→ **Activity**
Retype nothing except the lines below from the one with "Hey everyone, I'm" through the one with "Hi, this is", exactly, with images left out.

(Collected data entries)
BEGIN

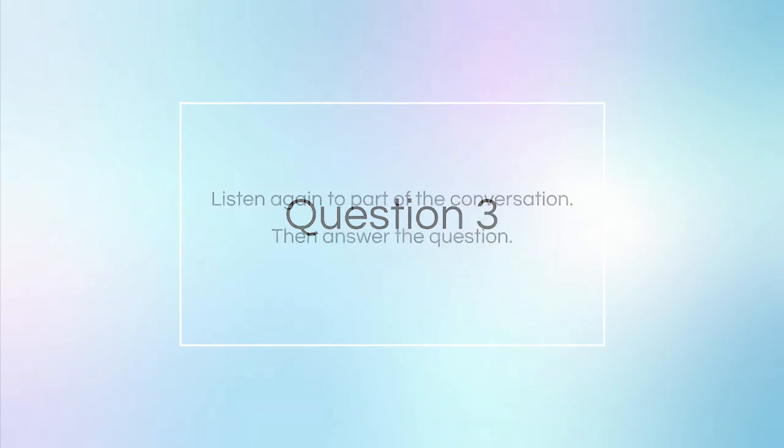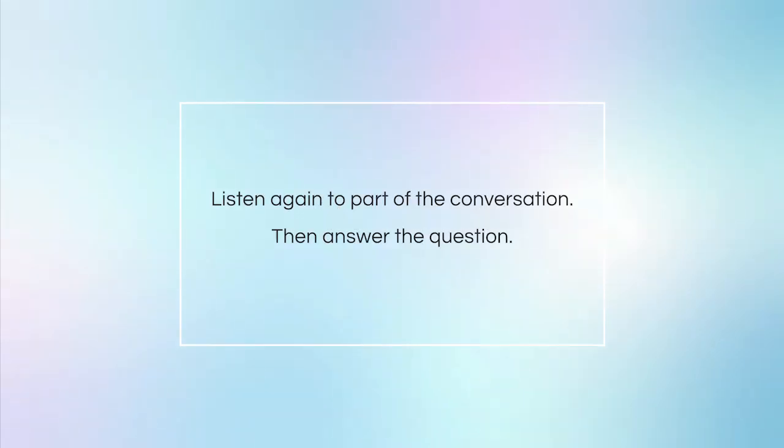Question 3. Listen again to part of the conversation, then answer the question. What does the student mean when he says this?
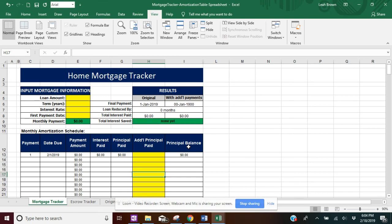Hey everyone, I'm going to go over the home mortgage tracker to give you an idea of how to use this tool.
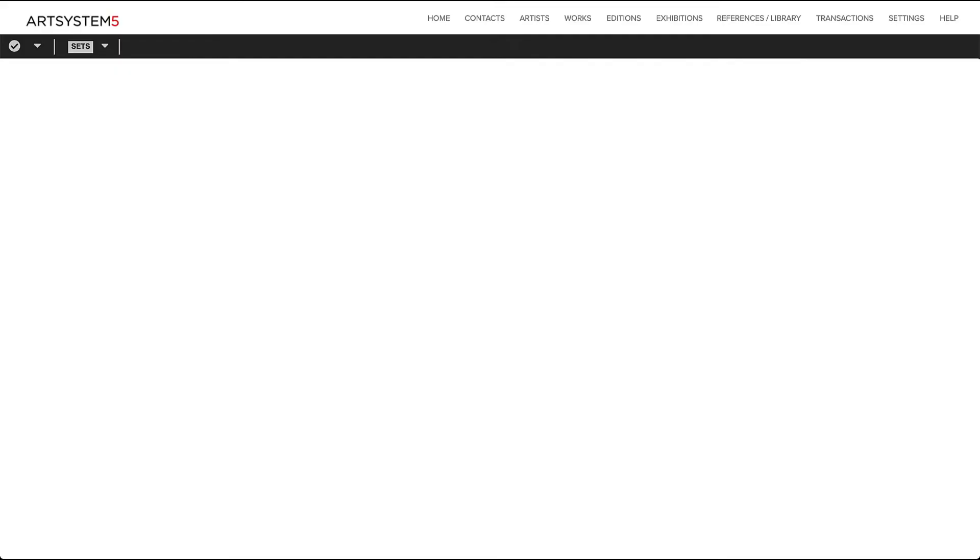Hi, this is Drew, and I'm going to give you a brief tour of Art System 5, our online art management database.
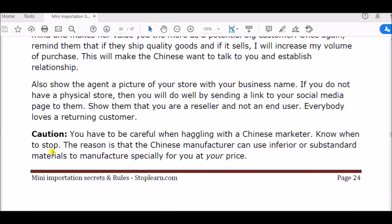This prepares their mind and makes them value you more as a potential big customer. Also show the agent a picture of your store with your business name — this is very important. Chinese people work with evidence. Even when you don't show them, they start chatting with you in a very friendly way, asking about your wife, your child, your profile picture — not because they love you, but because they want to set the atmosphere. They want to know more about you because they care about the business, not about you. They want to know: are you a business person, are you a returning customer, or are you buying just once — is it worth it?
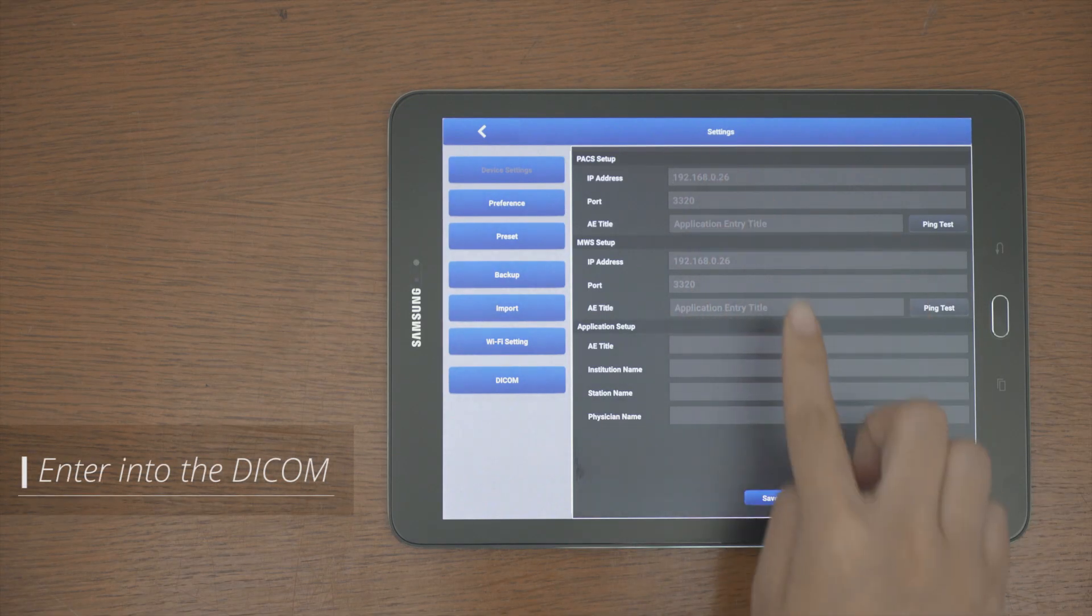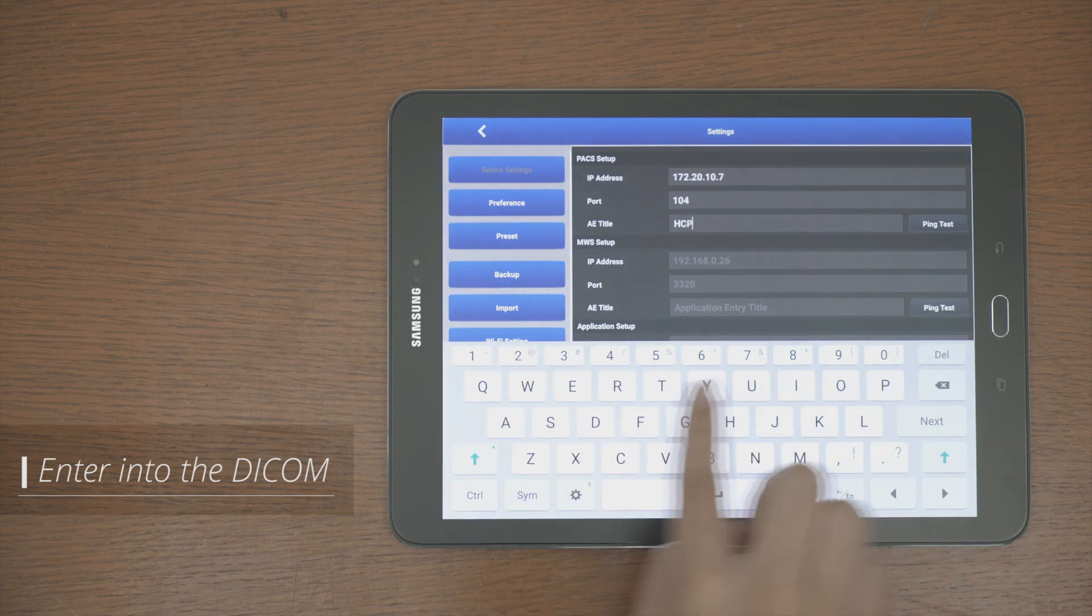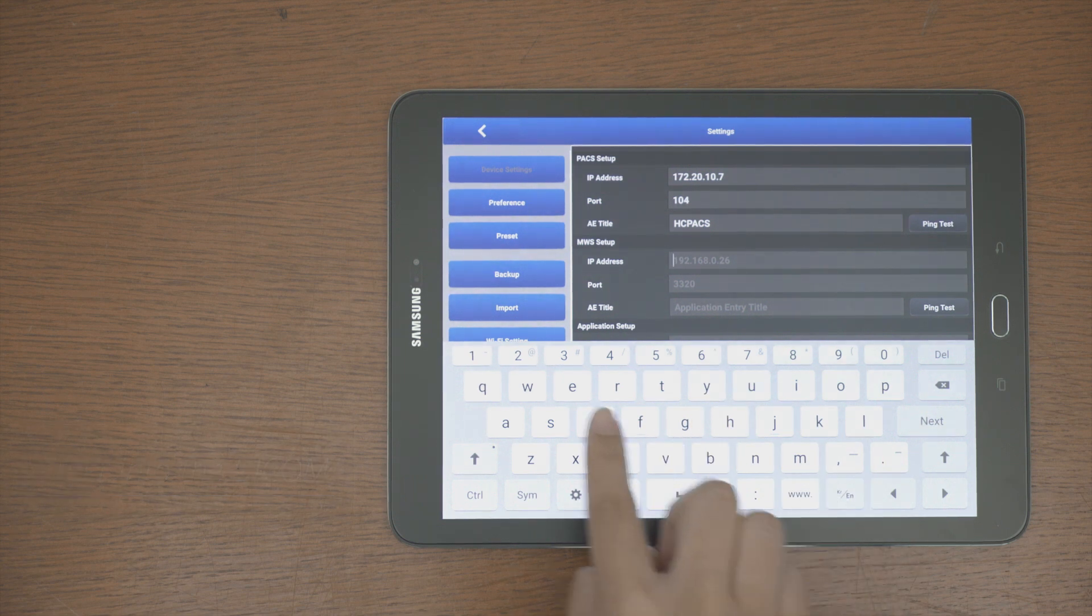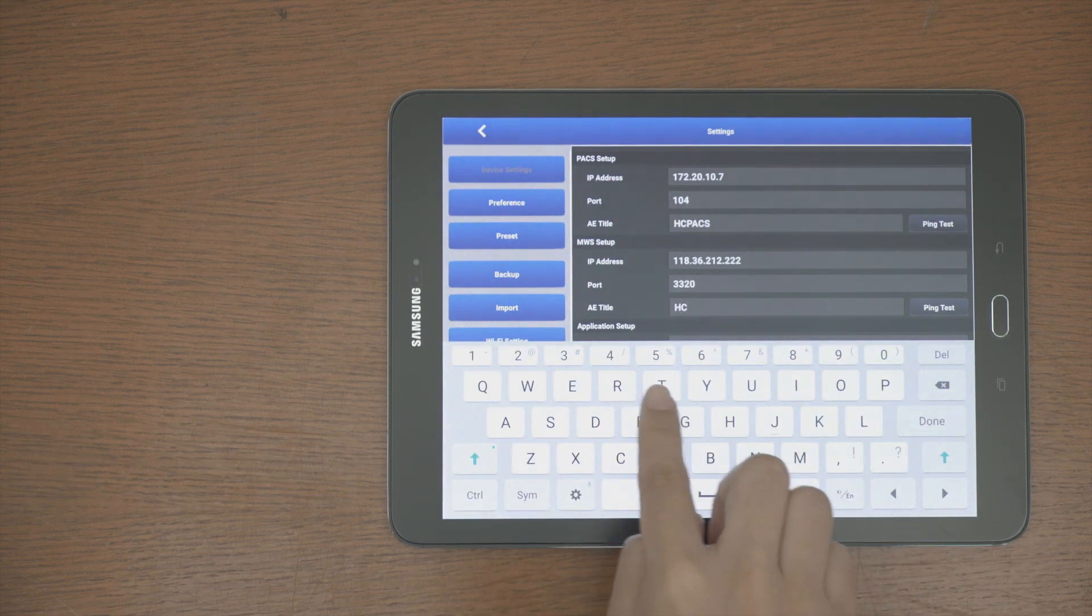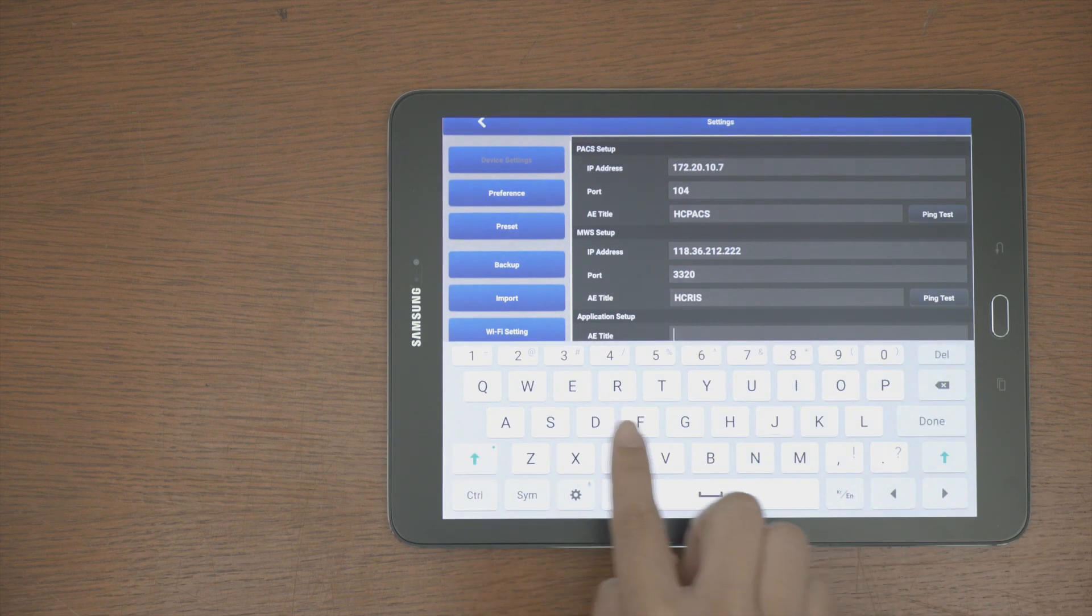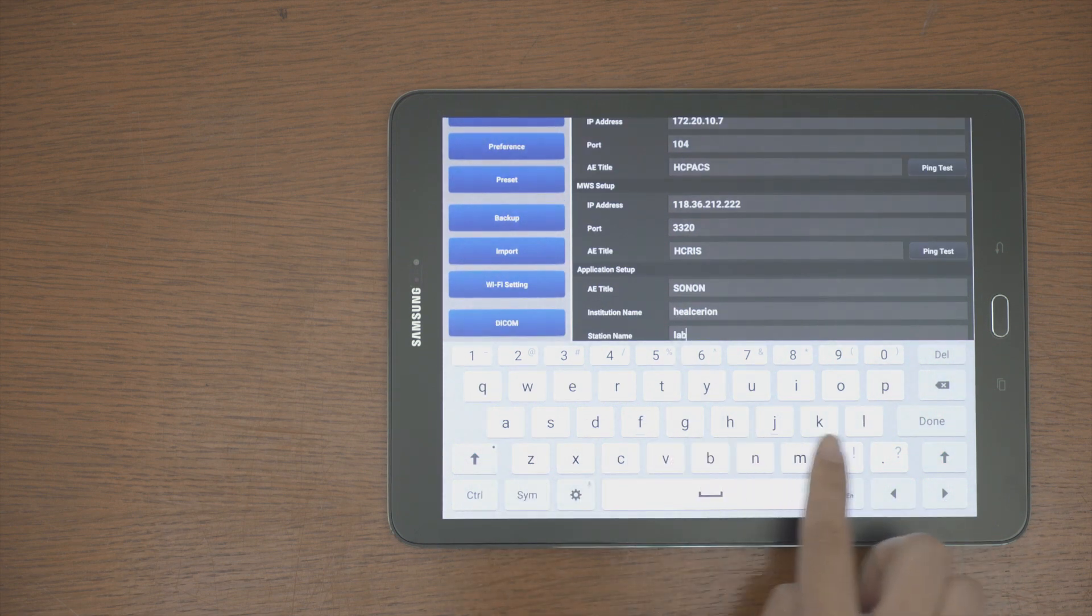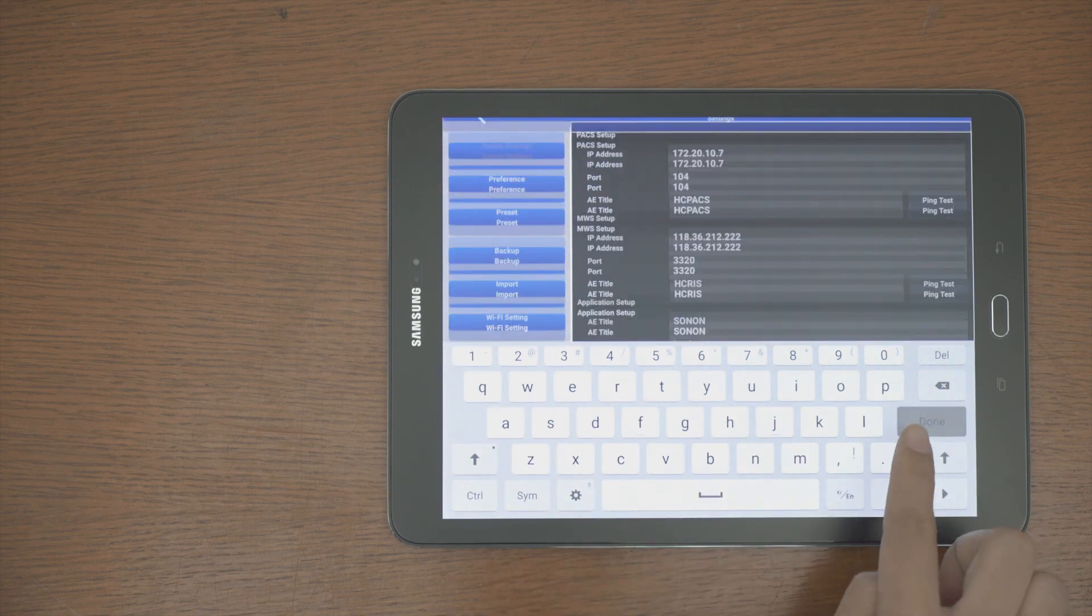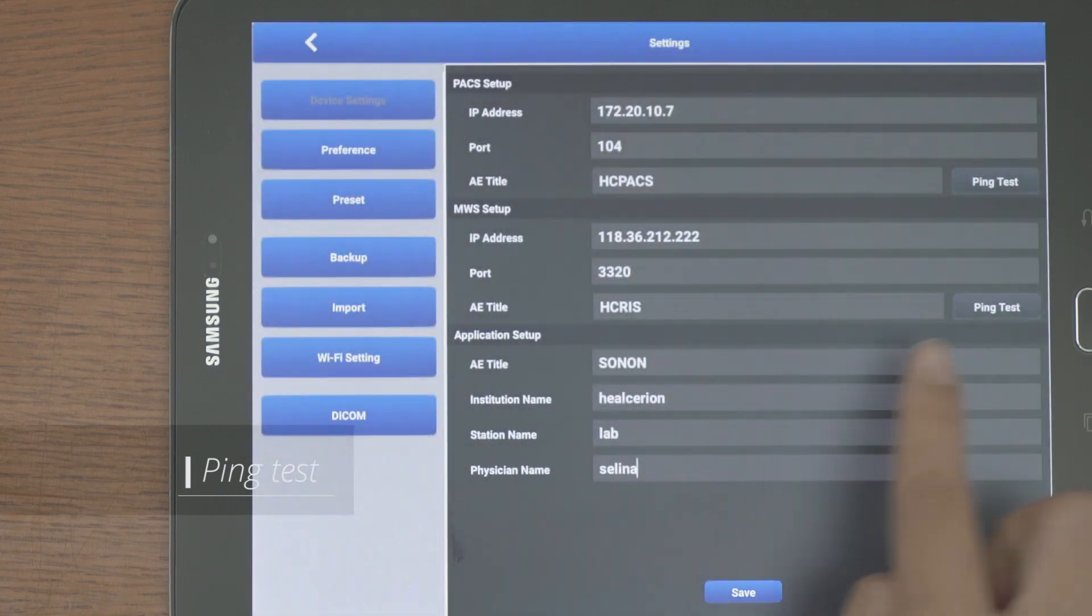Finally, to connect the worklist with PACS, enter into the DICOM screen, fill in the PACS Setup, MWL Setup, Application Setup Items.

END

→ **Written response**
Hey everyone, I'm going to go over the home mortgage tracker to give you an idea of how to use this tool.
Hi, this is Drew, and I'm going to give you a brief tour of Art System 5, our online art management database.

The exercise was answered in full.